Agricultural Research Service

Title: Grazing Effects on Carbon Dynamics in the Northern Mixed-Grass Prairie

Authors
item Haferkamp, Marshall
item Macneil, Michael

Submitted to: Environmental Management
Publication Type: Peer Reviewed Journal
Publication Acceptance Date: August 17, 2003
Publication Date: January 20, 2004
Repository URL: http://ars.usda.gov/SP2UserFiles/Place/54340000/Publications/EM-Marshall.pdf
Citation: HAFERKAMP, M.R., MACNEIL, M.D. GRAZING EFFECTS ON CARBON DYNAMICS IN THE NORTHERN MIXED-GRASS PRAIRIE. ENVIRONMENTAL MANAGEMENT. 2004. Vol. 33. Suppl. 1. p. S462-S479.

Interpretive Summary: The role of rangelands in the regulation of atmospheric carbon dioxide concentrations is a critical issue in global climate change research. Rangelands are complex ecosystems that occupy more than 40% of the land area in the world and USA. We studied the effects of short-duration intensive grazing on carbon dioxide flux on small plots located on a silty range site in the northern mixed-grass prairie of Montana.
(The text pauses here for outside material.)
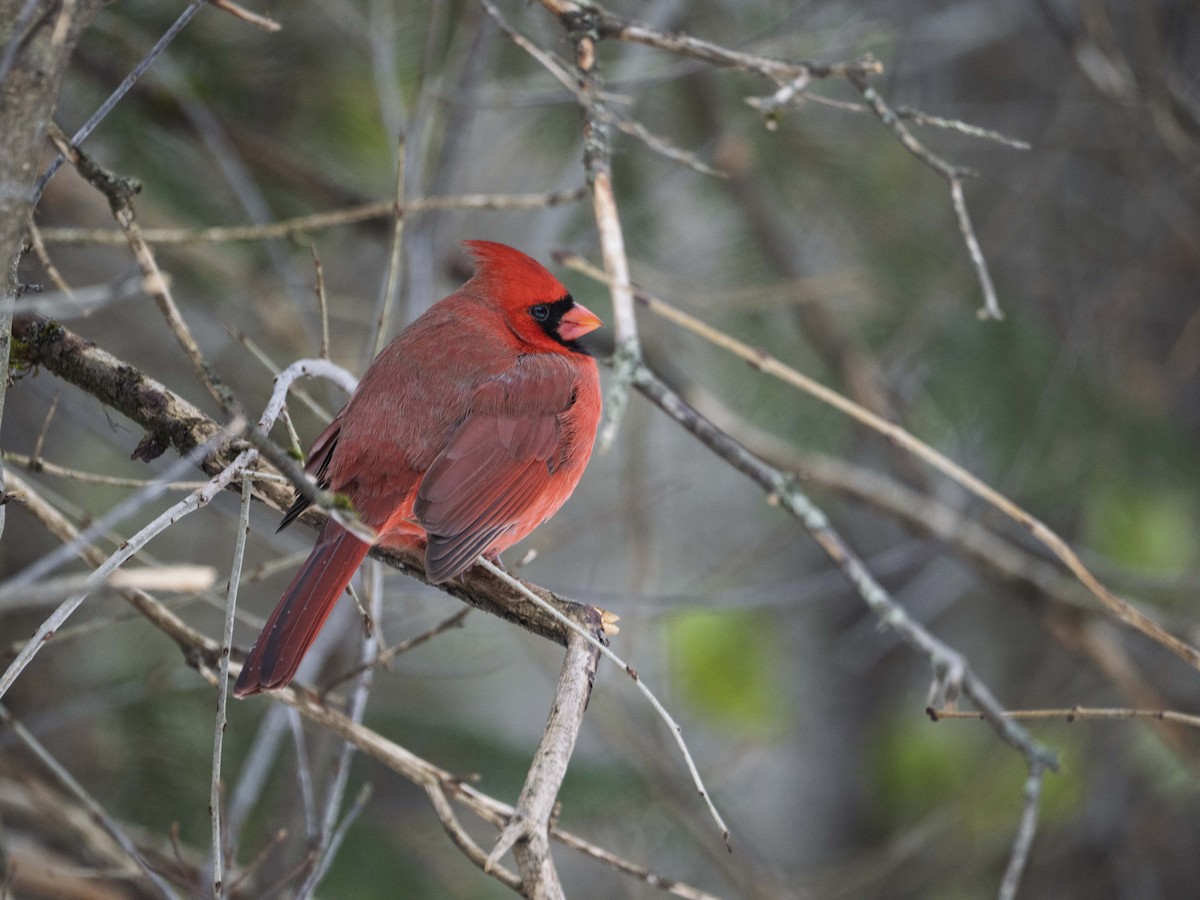 kardinál červený - ML646467266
Treatments were no grazing, or grazing during mid-May or mid-July in 1996, 1997, and 1998. Date were collected from mid-April to mid-October at about 30 day intervals to determine effects of grazing on aboveground and belowground plant biomass, carbon dioxide movement, and soil organic C. Uptake of carbon dioxide was greatest during spring and early summer, peak periods of precipitation and green biomass. Grazing removed an average of 68 to 78% of the green standing crop with a subsequent reduction in carbon dioxide uptake of 175% in May and 109% in July. Grazing in May reduced carbon dioxide uptake for 30 days in 2 of the 3 years, whereas, grazing in July reduced carbon dioxide flux only in 1998. Residual effects of grazing, however, declined in late summer and autumn with the onset of plant maturation. The potential C sink in the mixed-grass prairie of the Northern Great Plains appears to be small, and will vary through time with intensity and timing of grazing as it interacts with climatic conditions.

Technical Abstract: The role of rangelands in the regulation of atmospheric CO2 concentrations is a critical issue in global climate change research. Rangelands are complex ecosystems that occupy more than 40% of the land area in the world and USA. We studied the effects of seasonal grazing on CO2 flux on small plots located on a silty range site in the northern mixed-grass prairie with an Eapa fine loam soil. Treatments were no grazing, or short-duration intensive grazing during mid-May or mid-July in 1996, 1997, and 1998. Date were collected from mid-April to mid-October at about 30 day intervals to estimate standing crop, leaf area, soil organic C, root mass to a 30-cm soil depth, and diurnal variation of CO2 flux and soil respiration (at 0800, 1200, 1600, and 2400 hours) in closed chambers. Uptake of CO2 was greatest during spring and early summer, peak periods of precipitation and green biomass. Grazing removed an average of 68 to 78% of the green standing crop with a subsequent reduction in CO2 uptake of 175% in May and 109% in July. Grazing in May reduced CO2 uptake for 30 days in 2 of the 3 years, whereas, grazing in July reduced CO2 flux only in 1998. Residual effects of grazing, however, declined in late summer and autumn with the onset of plant maturation. The potential C sink in the mixed-grass prairie of the Northern Great Plains appears to be small, and will vary through time with intensity and timing of grazing as it interacts with climatic conditions.